Doja Cat has always thrived on unpredictability, and with her fifth studio album Vie she tries to prove that she can still outfox expectations. After the full-rap pivot of 2023’s much-maligned Scarlet, which felt like a deliberate rejection of her pop-star status, Vie feels like an embrace (or at least a playful truce) with her pop instincts. Jack Antonoff’s fingerprints are all over the record, coating Doja’s genre-hopping impulses in lush ’80s synths, elastic basslines, and the occasional shimmering falsetto. The result is an album about love and relationships that is often clever and catchy, but also overlong and, at times, too lightweight to fully land.

Doja comes out swinging on “Cards,” a braggadocious opener built on an MC Hammer-inspired beat. Her slick flow glides between rap and melody as she teases, “Maybe I’ll fall in love baby / Maybe we’ll win some hearts / Gotta just play your cards.” It’s a confident reminder of the duality that makes her one of the most compelling pop-rap artists of her generation. “Jealous Type”, the album’s lead single, leans deeper into the neon-soaked era Antonoff clearly adores, punchy snares and vintage synths wrapping around Doja’s winking lyrics.

Elsewhere, she gets experimental with both structure and delivery. “AAAHH MEN!” interpolates RuPaul’s iconic laugh and uses group harmonies, giggles, whispers, and shouts to embody the chaos of falling in love. It’s theatrical, funny, and one of the most memorable tracks on the album. “Couples Therapy” tones things down with a snappy beat and Doja stretching her upper register, while “Gorgeous” is a standout moment: a sleek, R&B-heavy track that blends Drake-like flows with silky falsetto.

Doja keeps the genre palette wide. “Stranger” throws in a brassy sax line and aggressive, Eminem-style rapping. “All Mine” turns down the lights with Prince-like falsettos and even quotes Grace Jones from A View to Kill, a tongue-in-cheek nod to the album’s retro core. Meanwhile, “Take Me Dancing” (feat. SZA) should have been a knockout; two boundary-pushing artists on one track, but its Janet Jackson-style groove feels lighter than it should, playful but underwhelming.

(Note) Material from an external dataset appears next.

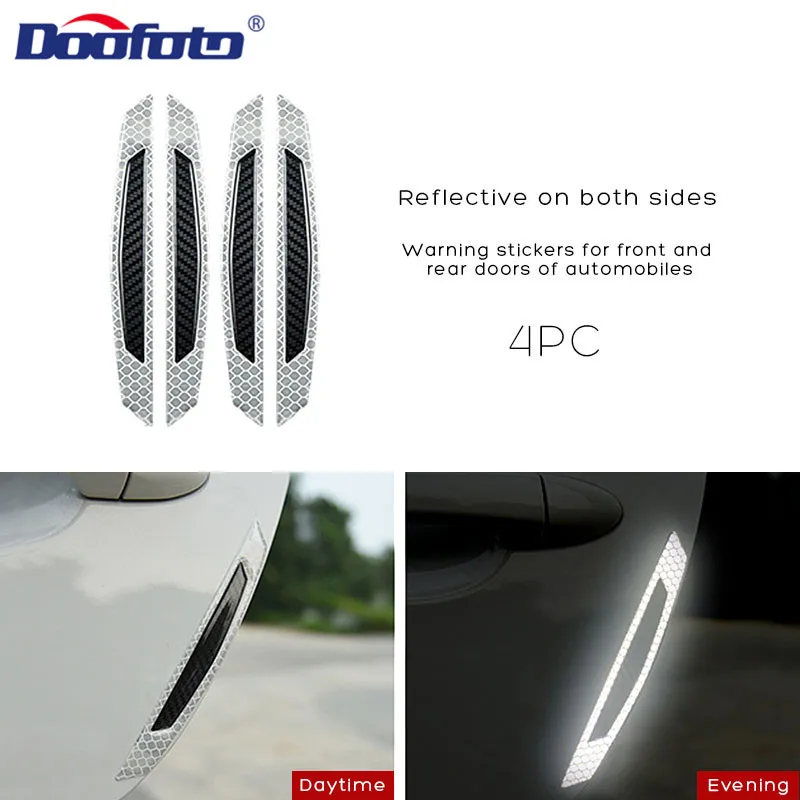White Door Doofoto 3D Светоотражающая Предупреждение ющая полоса бампера дверная ручка Чаша крышка наклейка отражатель автомобиля внешние аксессуары универсальные - Цвет: White Door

She regains momentum with “Silly! Fun!”, a rollercoaster of a track built on a Beach Boy’s Wouldn’t It Be Nice reference. It’s classic Doja: intentionally scattered, chaotic, and brilliant. “Acts of Service,” however, fails to lift off despite its hard-hitting beat, sounding like a B-side compared to stronger tracks. “One More Time” lands better, with heavy electric guitar and an alt-pop chorus that explodes into one of the album’s biggest moments.

By the time the back stretch hits, the French-tinted R&B of “Happy” (“mon cœur” whispered like a charm), the Antonoff-soaked sparkle of “Come Back”, it’s clear Vie suffers from a lack of editing. Fifteen songs is simply too much, and the repetitiveness of its ’80s palette starts to blur the highlights with the filler.

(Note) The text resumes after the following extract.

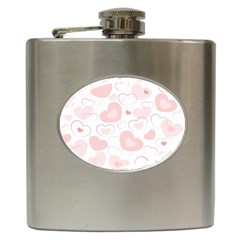 Pastel Pink Hearts Hip Flask (6 Oz) by retrotoomoderndesigns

Still, when Vie hits, it proves Doja Cat hasn’t lost her ability to make daring pop-rap hybrids sound fresh. Its best songs are infectious, witty, and slyly experimental. Its weakest moments are repetitive and too lightweight to make an impact. But as an artistic course-correct, Vie fails more than it succeeds, suggesting Doja is still attempting to find balance between her rapper bravado and pop-star charisma, even if she sometimes winks too hard in the mirror.